I have really been blessed to meet so many different people with a great deal of knowledge in direct-to-garment (dtg) printing from traveling to different trade shows and conferences over the years. So I have decided to try and share the knowledge of experienced dtg users about general dtg printing topics. These podcasts are not designed to tell prospective dtg owners which dtg printer to buy. We talk about general dtg printing topics that people should be aware of when getting into doing dtg printing.

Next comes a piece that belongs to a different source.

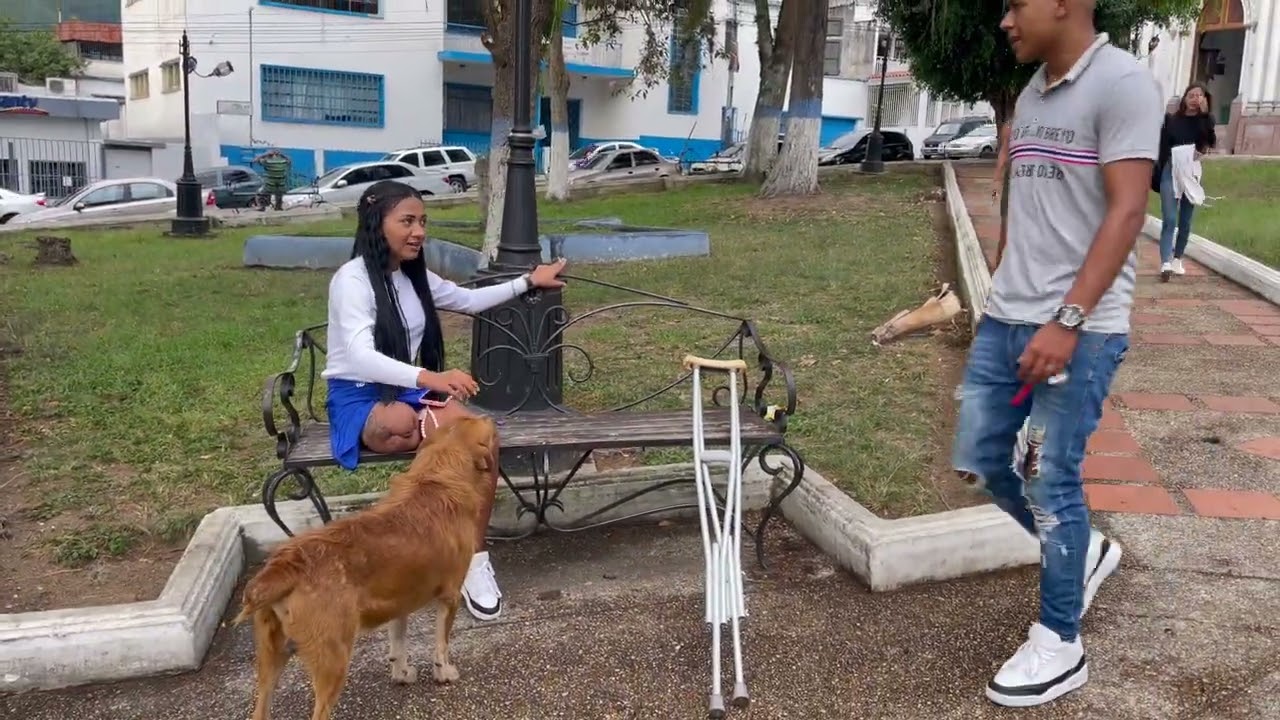 PREVIEW: KEILA AMPUTEE: WALKING DATE!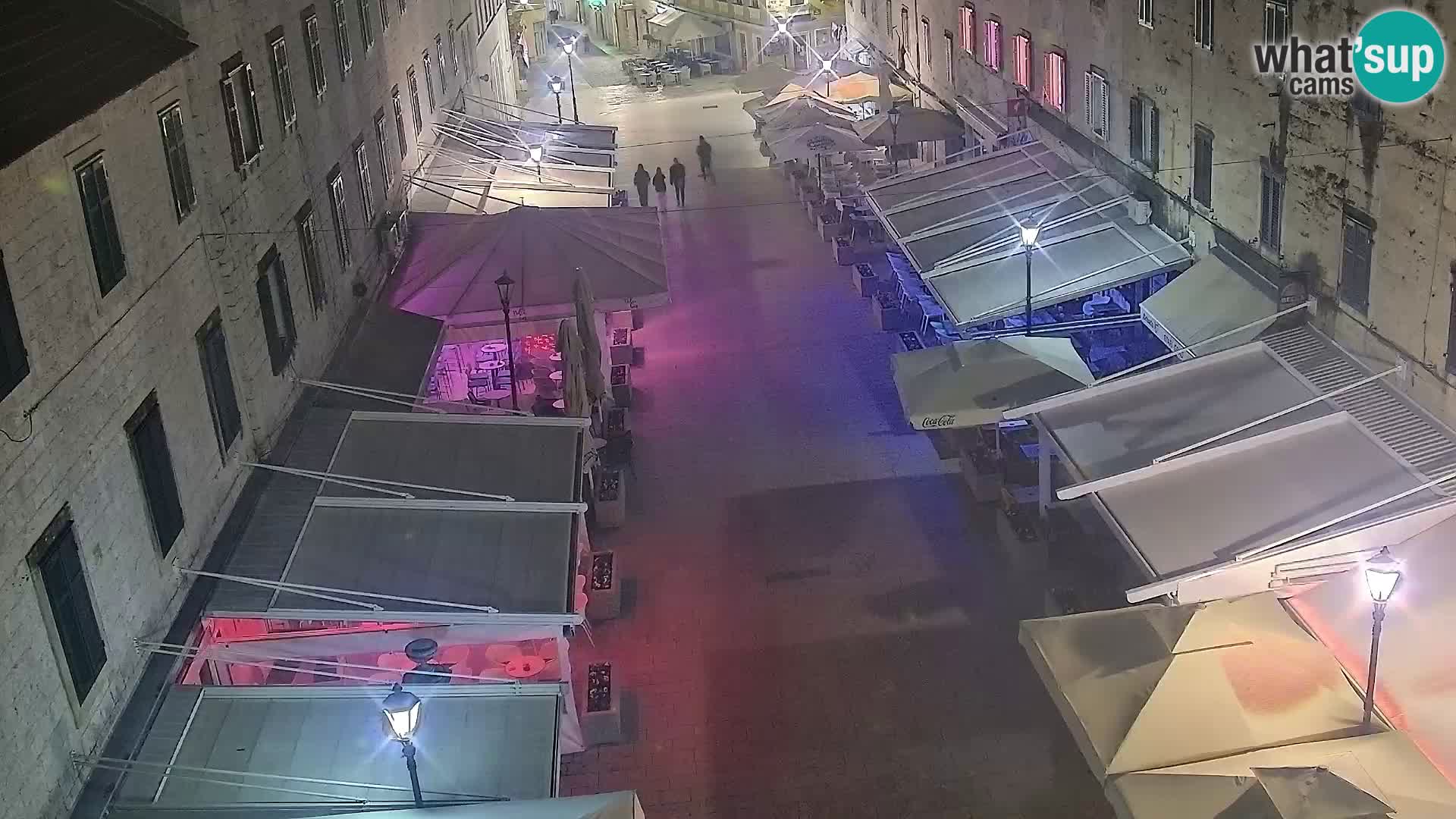 Sinj mestno središče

My preference is to keep all the machine related comments out of these posts and is why I posted it in the general dtg section of the forums.

Below is an interview recording with Justin Walker (owner of Fusion Logistics Group) at the NBM Printwear Indy Show on June 11, 2011. Below are the brief highlights of this podcast.
• Learn some of the things Justin learned for looking at different dtg printers since he has been through 6 different models.
• Why he thinks you should see a dtg printer in another location besides a trade show floor.
• Items besides the actual printer are important to look at when selecting a dtg printer.
• Description of items important for the shop layout for dtg printing.
• His thoughts and practices on how to handle artwork from customers.
• How he sets pricing differently for a retail market vs. wholesale contract printing.
• One customer’s request for packaging of the printed shirts goes even as far as making a sushi roll.
• What Justin does in order to keep his customer’s expectations in control when printing on to fabric types that are not 100% ring spun cotton.
• Some of the non-garment items that he has printed in the past and which ones are profitable.
• Why he takes a proactive approach to cleaning / maintaining his dtg printers.
• His final thoughts on what people should do before making the investment into a dtg printer.

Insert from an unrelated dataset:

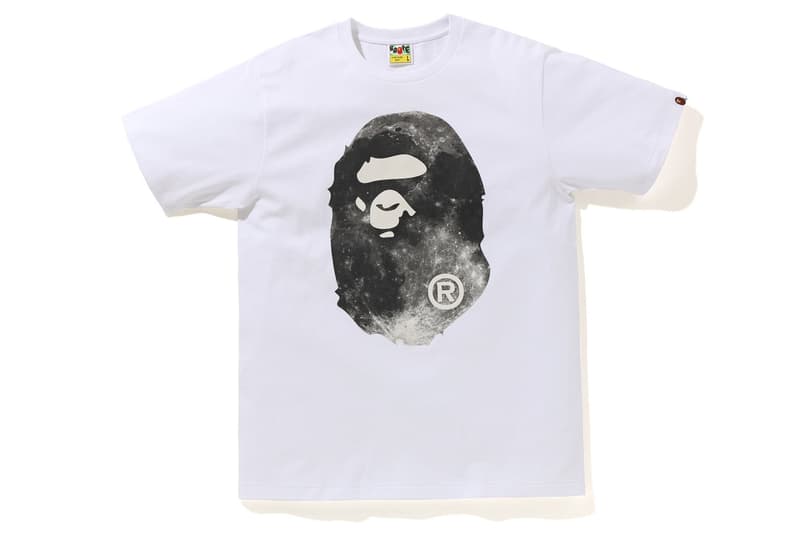 BAPE Mid-Autumn Festival Special Capsule Release t-shirts moon design a bathing ape asia hong kong limited 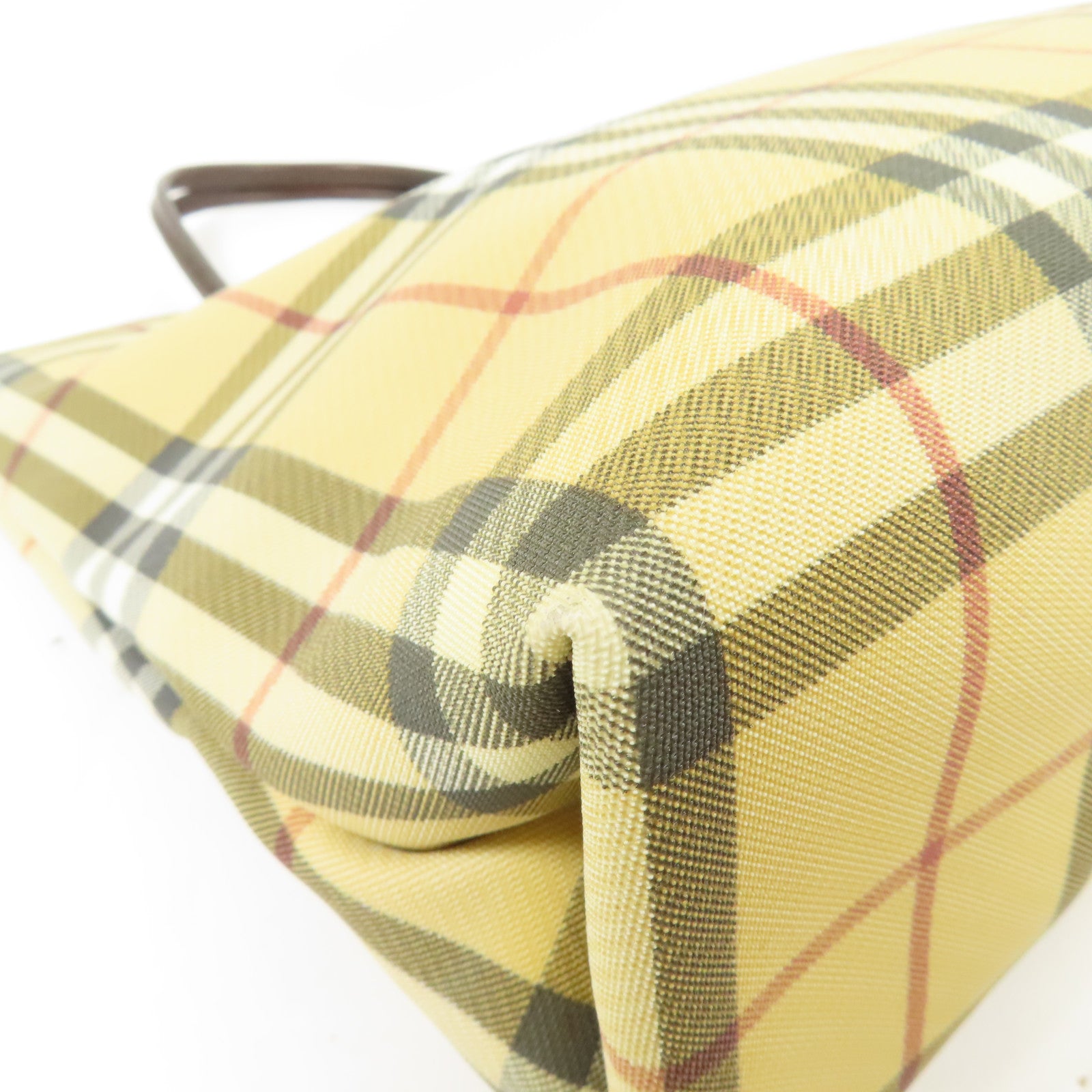 BURBERRY 帆布Tote Bag手挽袋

*HERE IS THE LINK TO THE PODCAST*
http://youtu.be/0NZxo71GP9k

To find more information on Justin’s company, visit Fusion Logistics Group - Professional Wholesale Printing & Fulfillment Services!.

Mark


----------



## JohnBest (May 16, 2011)

Thanks for the interview justin...very informative..I heard you mention in the shipping part about the software interacting with you database...I was curious as to what software you use in your shop to handle orders,track jobs and such....thanks again John Best


----------



## DAGuide (Oct 2, 2006)

John,

I got the impression that Justin made some of the components of the software he mentioned in the interview. Not sure if it is something you can buy right off the shelf.

Mark


----------